(Source material):
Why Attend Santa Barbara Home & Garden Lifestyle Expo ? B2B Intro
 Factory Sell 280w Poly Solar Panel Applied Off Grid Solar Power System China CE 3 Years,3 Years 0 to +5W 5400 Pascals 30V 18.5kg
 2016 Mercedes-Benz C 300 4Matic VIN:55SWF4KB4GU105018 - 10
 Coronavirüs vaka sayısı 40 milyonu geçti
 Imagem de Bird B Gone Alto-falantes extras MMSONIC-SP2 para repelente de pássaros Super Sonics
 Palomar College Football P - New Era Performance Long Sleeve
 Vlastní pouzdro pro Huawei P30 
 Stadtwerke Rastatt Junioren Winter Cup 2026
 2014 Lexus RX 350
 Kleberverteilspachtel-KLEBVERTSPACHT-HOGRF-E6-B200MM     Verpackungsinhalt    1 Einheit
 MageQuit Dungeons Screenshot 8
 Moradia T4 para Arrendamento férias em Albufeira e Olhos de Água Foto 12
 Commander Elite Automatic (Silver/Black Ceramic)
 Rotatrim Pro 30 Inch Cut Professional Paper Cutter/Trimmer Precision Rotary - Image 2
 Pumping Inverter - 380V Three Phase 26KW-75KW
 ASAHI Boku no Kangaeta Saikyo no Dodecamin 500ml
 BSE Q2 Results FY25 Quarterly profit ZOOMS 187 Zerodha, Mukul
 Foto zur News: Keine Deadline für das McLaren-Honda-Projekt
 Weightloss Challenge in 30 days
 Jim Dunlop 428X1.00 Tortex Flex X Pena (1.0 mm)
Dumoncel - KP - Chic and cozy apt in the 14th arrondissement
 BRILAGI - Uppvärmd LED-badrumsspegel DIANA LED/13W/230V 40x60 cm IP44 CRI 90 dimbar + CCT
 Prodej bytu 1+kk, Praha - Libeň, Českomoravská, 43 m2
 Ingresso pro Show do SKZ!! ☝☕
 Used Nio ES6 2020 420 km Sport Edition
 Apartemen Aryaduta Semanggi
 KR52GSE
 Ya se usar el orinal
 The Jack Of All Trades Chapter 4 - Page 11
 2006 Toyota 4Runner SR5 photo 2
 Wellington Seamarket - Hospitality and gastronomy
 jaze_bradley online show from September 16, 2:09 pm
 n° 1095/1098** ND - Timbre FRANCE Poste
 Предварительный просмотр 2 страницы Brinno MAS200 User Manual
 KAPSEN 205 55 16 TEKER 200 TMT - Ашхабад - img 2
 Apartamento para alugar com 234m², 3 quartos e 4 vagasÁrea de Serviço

(Task goal): Count lines, not occurrences: report how many lines in the entries above include the word "para", as a number alone.

(Response): 3